L’abbiamo scritto, l’abbiamo riscritto, sottolineato, richiamato, esclamato e siamo sempre qui. **Questo femminicidio ha una sua specificità atroce**, un tasso di incredulità che arriva a vette mai concepite, è un fatto. Scritto tutto questo, se si ha la forza e la capacità di provare ad analizzare la sostanza, si torna sempre allo **stesso punto**: [il rifiuto del rifiuto](https://laragione.eu/litalia-de-la-ragione/cronaca/incapaci-di-accettare-un-rifiuto/). Il rifiuto della realtà. La negazione della libertà dell’altro. L’affermazione del possesso come ragion d’essere di esseri immondi.

**L’annullamento di qualsiasi sentimento** - non veniteci a parlare di ‘amore’, perché il senso di spaesamento cederebbe al vomito - sull’altare della ‘proprietà’ malata.
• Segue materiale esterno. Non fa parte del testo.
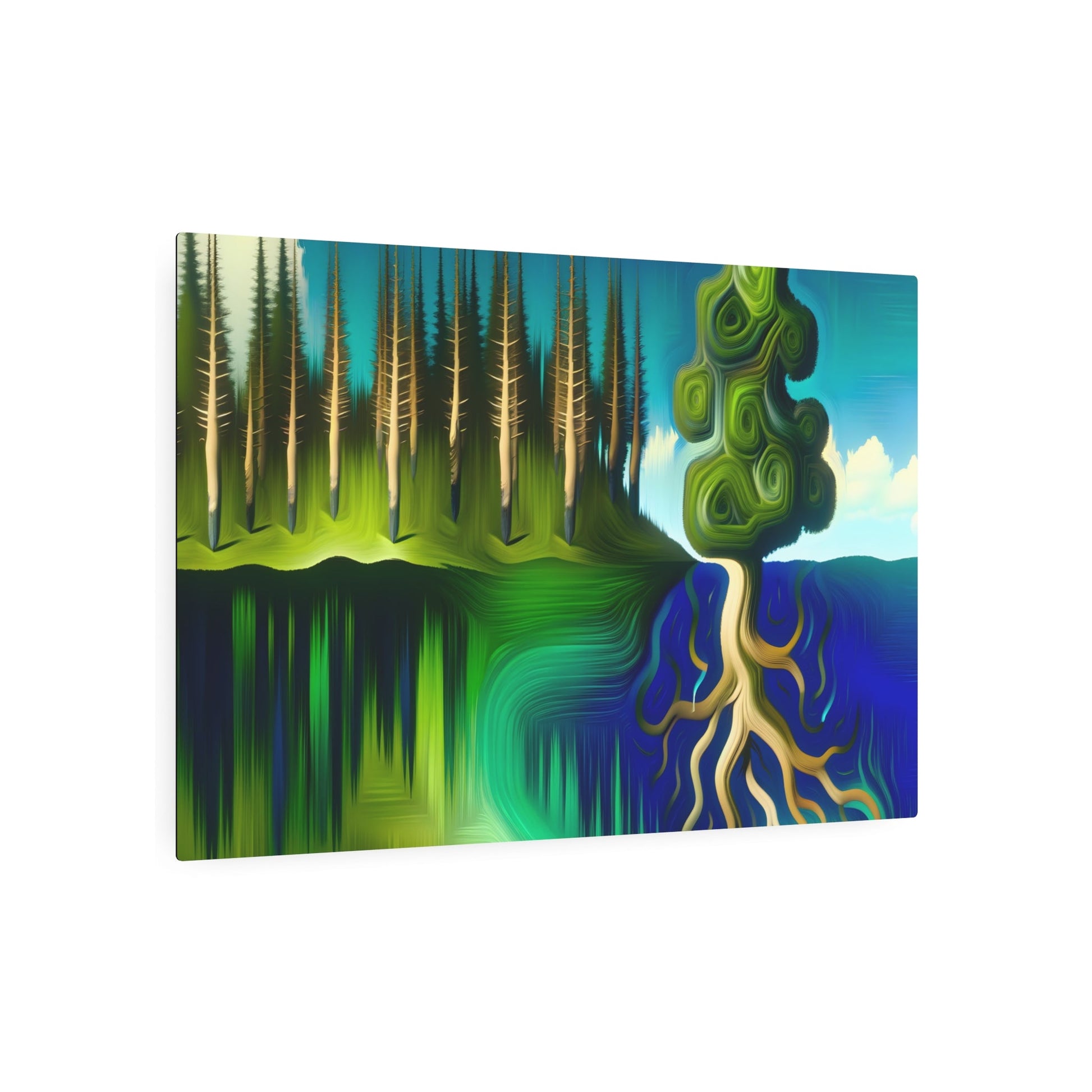 Metal Poster Art | "Modern Surrealism Art: Dream-Like Fusion of Skybound Trees & Underwater Forests - Contemporary Whimsical Wall Decor in Surreal - Metal Poster Art 36″ x 24″ (Horizontal) 0.12''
**Non mi interessano i racconti sempre uguali**, **gli uomini** (in questo caso [il ragazzo)](https://laragione.eu/litalia-de-la-ragione/cronaca/filippo-turetta-arrestato-in-germania/) descritti regolarmente come “insospettabili”, al pari dell’”incomprensibile” esplosione belluina di [rabbia e violenza](https://laragione.eu/litalia-de-la-ragione/cronaca/la-verita-e-che-lo-sapevamo/).

**Quante volte ci siamo dovuti sorbire il refrain** “è un bravo ragazzo“, “non ce lo riusciamo proprio a spiegare“, “lei era come nostra figlia“. Queste frasi, nella loro raggelante ritualità (per quanto involontaria, si intende), mettono a nudo uno degli aspetti più drammatici: **non riusciamo a capire in famiglia** - tanto per cominciare - **cosa dire e come fare per insegnare con durezza e senza sconti ai nostri figli che non c’è spazio alcuno per il minimo cedimento**. **Non si può concedere niente**, neppure una voce dal tono troppo alto, figurarsi le minacce o le mani addosso.
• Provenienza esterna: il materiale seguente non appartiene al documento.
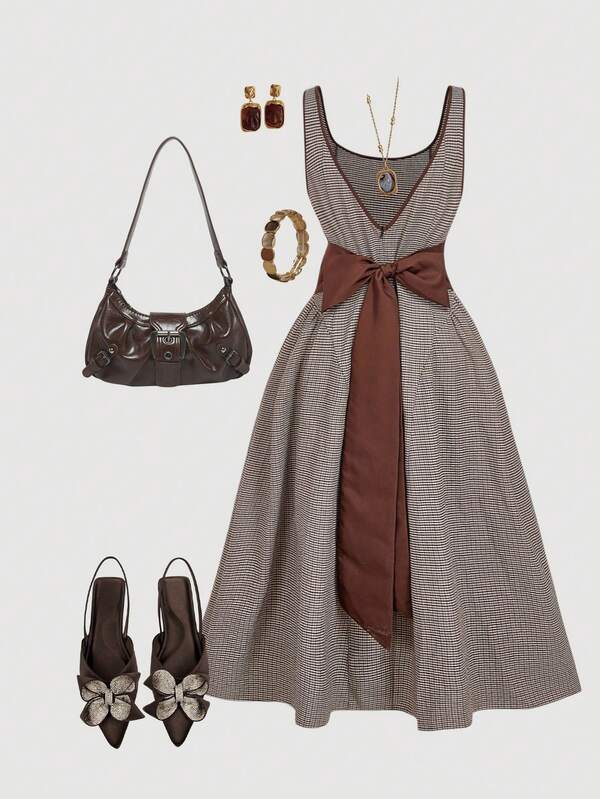 SHEIN MOD Plus Size Women Vintage Court Brown Plaid Plus Size Bow Midi Dress With Back Design And V-Neck - Old Money Style, Preppy Aesthetic, 70s Inspired, Sweet And Cute, Perfect For School Wear, Commuting, Parties, And Dates Vintage Clothes Picnic Outfit Women Brown Summer Dress Brown Sundress Dress Clothes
“Nel matrimonio, nella vita di coppia, succede di litigare…”: a questa banalità, dovremmo abituarci di avere sempre la capacità di aggiungere **una lezione sul valore del rispetto**. **Sull’intangibilità della persona**. Altrimenti meglio star zitti.
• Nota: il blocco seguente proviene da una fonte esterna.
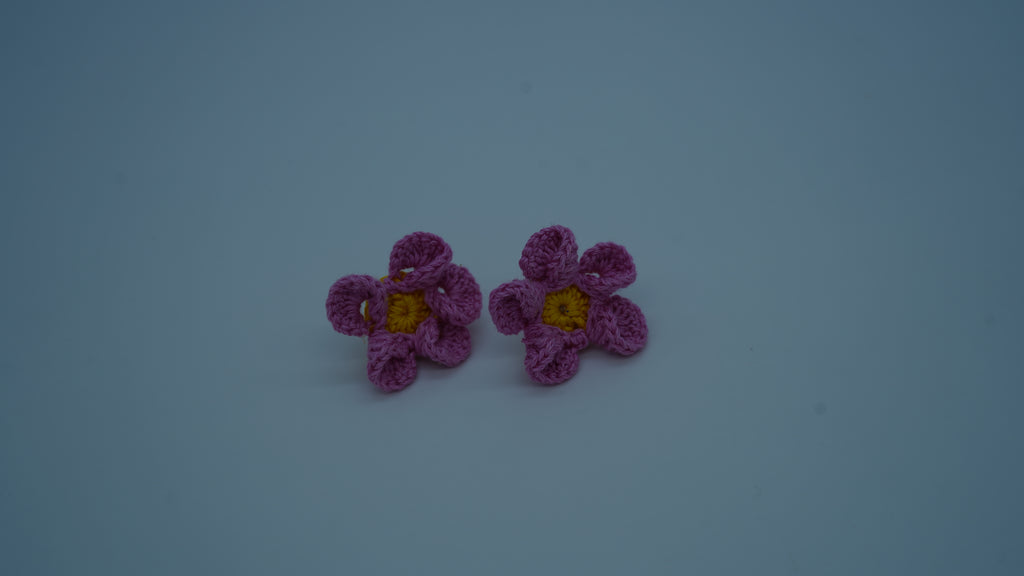 Handmade Pink & Yellow Crochet Flower Stud Earrings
**Non basta più** - in un mondo che ha visto cambiare radicalmente i rapporti fra generi e generazioni - **rifarsi alla** “**buona educazione**“, **ritenendo di aver fatto il nostro**. Dobbiamo esplorare, dobbiamo capire, dobbiamo sondare il grado di maturità affettiva dei nostri figli e delle nostre figlie. Spingerli a parlare, non temere di esporsi, dimostrare le proprie debolezze, prima che si trasformino in demoni. **Alle donne**, **alle nostre ragazze**, **va ribadito che il concetto dell’ultimo appuntamento va bandito**. **Per sempre**. Non ne possiamo più di “ultimi appuntamenti“. Quando è finita è finita, non è necessario spiegare null’altro.

**E le famiglie la smettano di girarsi dall’altra parte**, perché è successo tante volte e francamente siamo stufi.